# What to produce
Repeat the data word for word and skip the pictures.

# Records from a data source
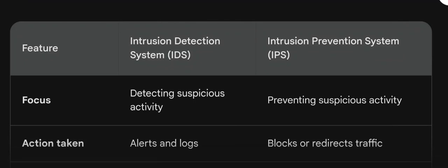Hello friends, in this video we will learn about the major differences between Intrusion Detection System and Intrusion Prevention System. IDS and IPS are important security solutions when it comes to cybersecurity.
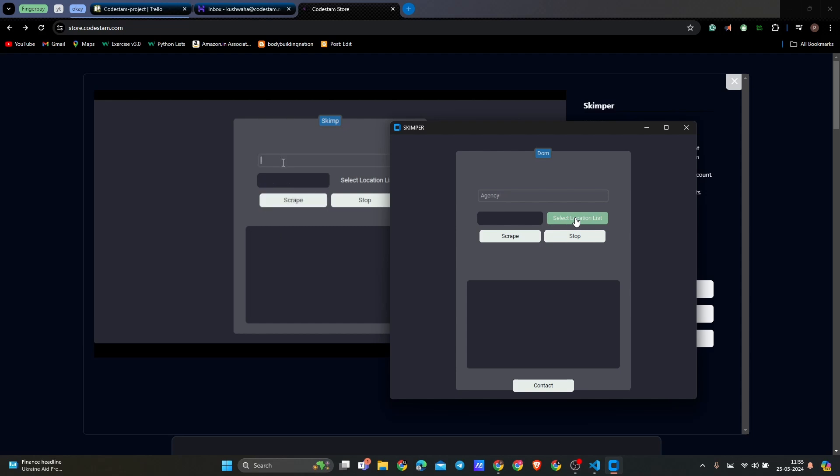For example, we enter agency from USA, and in the same pattern it will iterate every time it runs again. So let's select a location file.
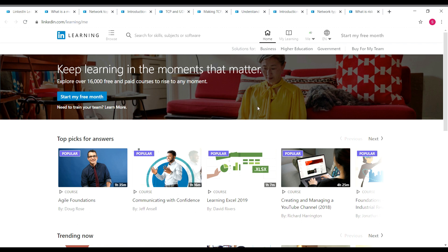Before we see the courses, if you haven't subscribed to our channel yet, can you do that first? Press the subscribe button and the bell icon so you'll get a notification whenever I upload a video. You can also connect with me on social media networks like Instagram — I'll give you all the links in the description. Now, you don't need to use your free month trial or anything of that sort to get these courses. All you need is just a LinkedIn account, which is absolutely free.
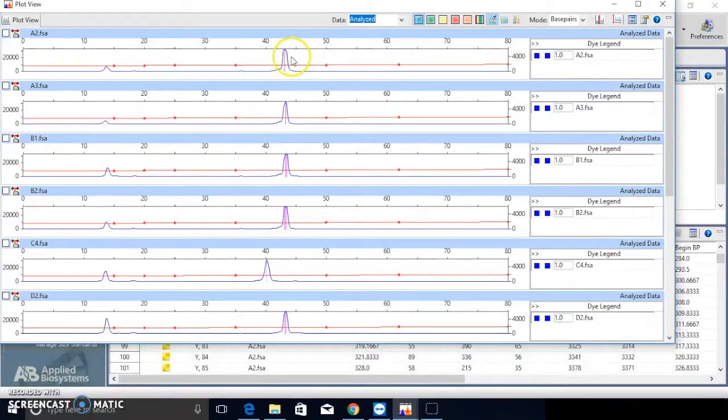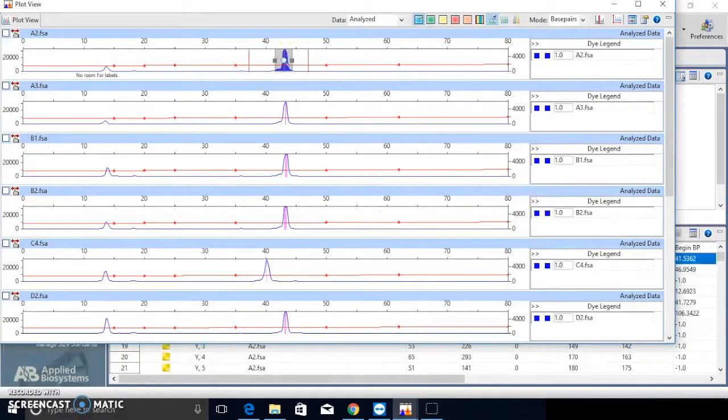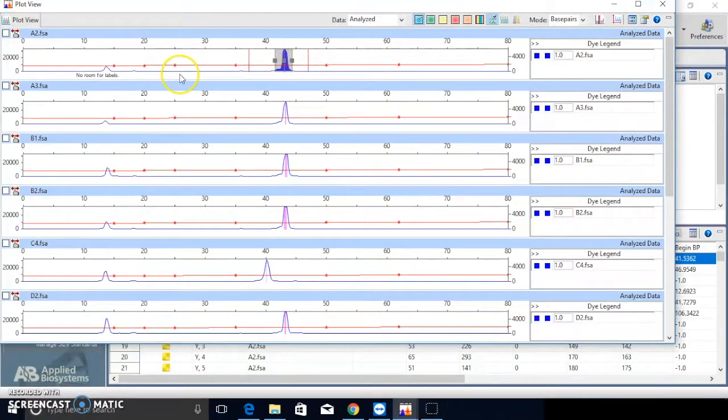You can click each peak for more details. The highlighted blue part is used for peak area estimation for each peak.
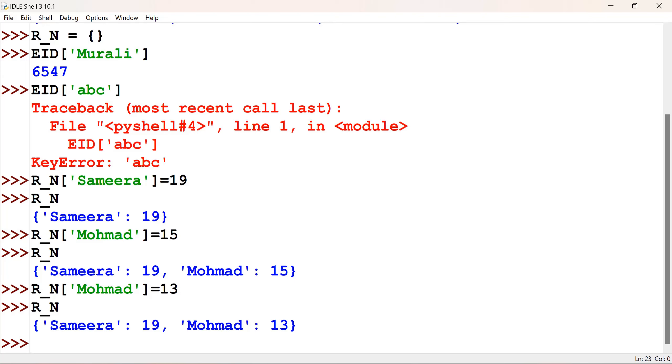One thing you wanted to note down here. Here, the keys, that means their references, cannot be duplicated. So, it is unique. One more thing you wanted to remember is, the keys must be immutable type. See there, I have given the names in the code, which is a string immutable type.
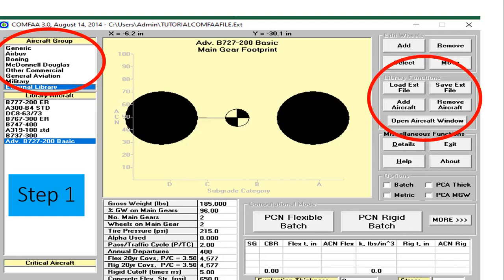On the second window there are tabs for adding aircraft and inputting aircraft for evaluation. In this software you can load an external aircraft data file, save that file, add aircraft, remove aircraft, and open the aircraft window. When you load an external file, you will find on the left side beneath the aircraft group that your library aircraft or external file has been opened.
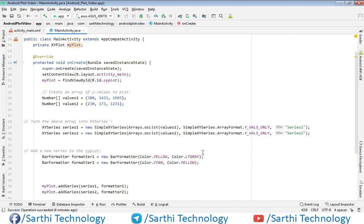Namaste friends, welcome back to the Sarathi Technology. In the last video we created a bar chart, and now in this video we will do some modification in that chart. Here on your screen you can see we have this code, which is very similar to the previous video.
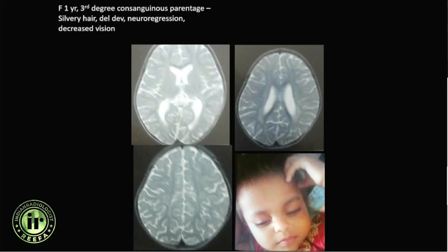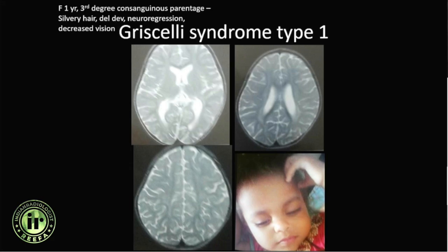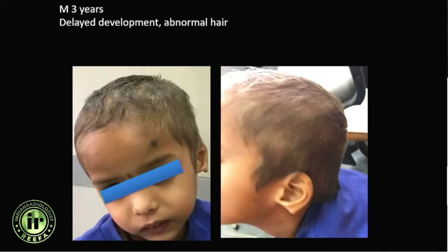Apart from neurological symptoms, other clinical history is important. Another patient with consanguinity and abnormal silvery hair showed diffuse periventricular signal abnormality and decreased vision. This was Griscelli syndrome with silvery hair.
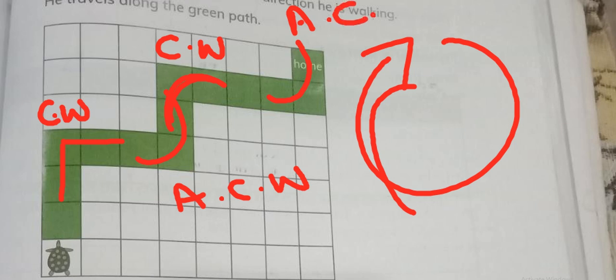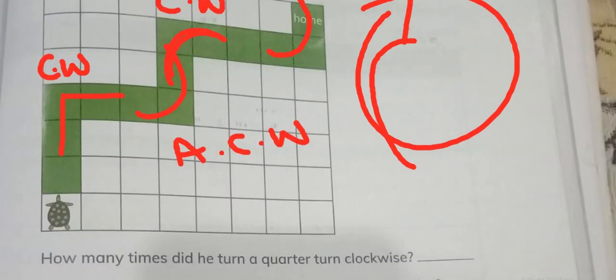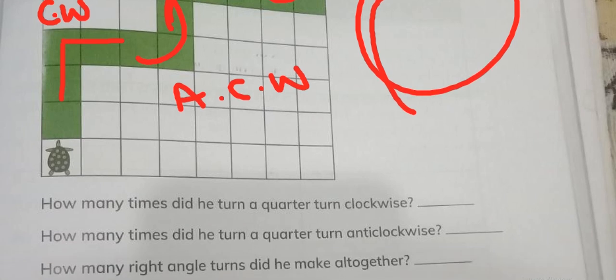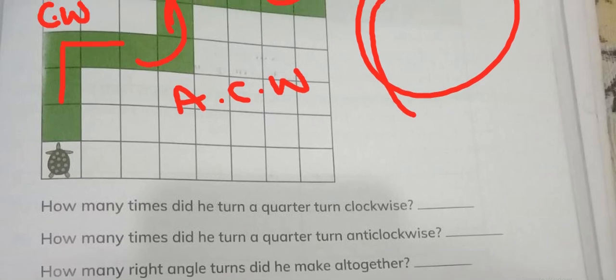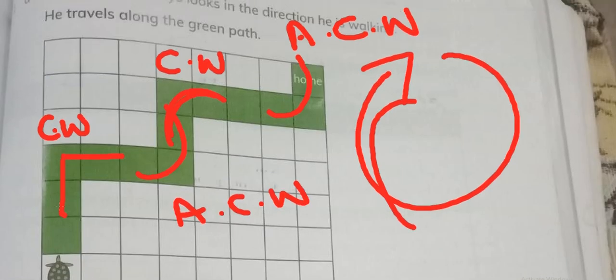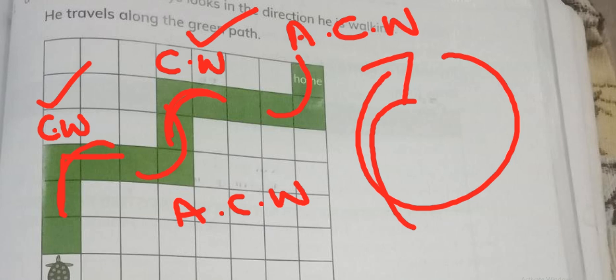Now we will read the questions. How many times did he turn a quarter turn clockwise? One, two — two times is quarter clockwise. And how many times is quarter anti-clockwise? Two times is quarter anti-clockwise.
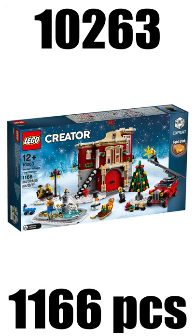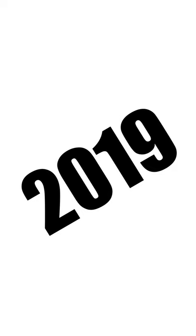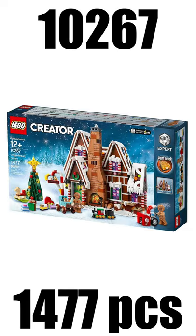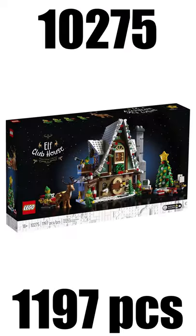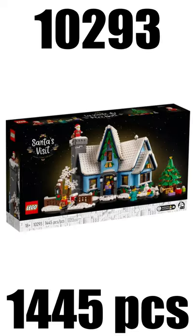In 2018 we had the Winter Village Fire Station for $100 and in 2019 we had the Gingerbread House also for $100. In 2020 we had the Elf Clubhouse for $100 and our most recent Winter Village Set is Santa's Visit also for $100.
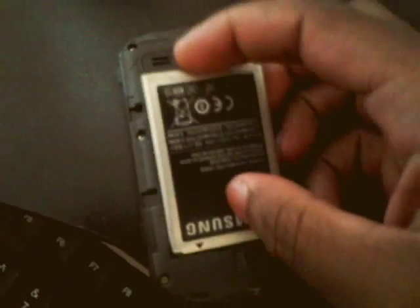Take the battery out of the phone. Put the battery back in the phone. Do not power it on.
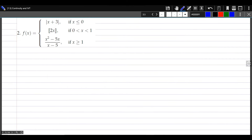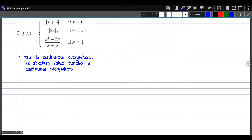Let's proceed to number 2. For this piecewise defined function, we have an absolute value function, a greatest integer function, and a rational function. Let's examine each to identify where possible points of discontinuity can occur. For the first interval, x plus 3 is continuous everywhere, and the absolute value function is continuous everywhere, so by the theorem on continuity for composite functions, the absolute value of x plus 3 is continuous everywhere.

# Exercise solution
Hello friends, in this video we will learn about the major differences between Intrusion Detection System and Intrusion Prevention System. IDS and IPS are important security solutions when it comes to cybersecurity.
For example, we enter agency from USA, and in the same pattern it will iterate every time it runs again. So let's select a location file.
Before we see the courses, if you haven't subscribed to our channel yet, can you do that first? Press the subscribe button and the bell icon so you'll get a notification whenever I upload a video. You can also connect with me on social media networks like Instagram — I'll give you all the links in the description. Now, you don't need to use your free month trial or anything of that sort to get these courses. All you need is just a LinkedIn account, which is absolutely free.
You can click each peak for more details. The highlighted blue part is used for peak area estimation for each peak.
One thing you wanted to note down here. Here, the keys, that means their references, cannot be duplicated. So, it is unique. One more thing you wanted to remember is, the keys must be immutable type. See there, I have given the names in the code, which is a string immutable type.
On the second window there are tabs for adding aircraft and inputting aircraft for evaluation. In this software you can load an external aircraft data file, save that file, add aircraft, remove aircraft, and open the aircraft window. When you load an external file, you will find on the left side beneath the aircraft group that your library aircraft or external file has been opened.
Namaste friends, welcome back to the Sarathi Technology. In the last video we created a bar chart, and now in this video we will do some modification in that chart. Here on your screen you can see we have this code, which is very similar to the previous video.
Apart from neurological symptoms, other clinical history is important. Another patient with consanguinity and abnormal silvery hair showed diffuse periventricular signal abnormality and decreased vision. This was Griscelli syndrome with silvery hair.
Now we will read the questions. How many times did he turn a quarter turn clockwise? One, two — two times is quarter clockwise. And how many times is quarter anti-clockwise? Two times is quarter anti-clockwise.
In 2018 we had the Winter Village Fire Station for $100 and in 2019 we had the Gingerbread House also for $100. In 2020 we had the Elf Clubhouse for $100 and our most recent Winter Village Set is Santa's Visit also for $100.
Take the battery out of the phone. Put the battery back in the phone. Do not power it on.
Let's proceed to number 2. For this piecewise defined function, we have an absolute value function, a greatest integer function, and a rational function. Let's examine each to identify where possible points of discontinuity can occur. For the first interval, x plus 3 is continuous everywhere, and the absolute value function is continuous everywhere, so by the theorem on continuity for composite functions, the absolute value of x plus 3 is continuous everywhere.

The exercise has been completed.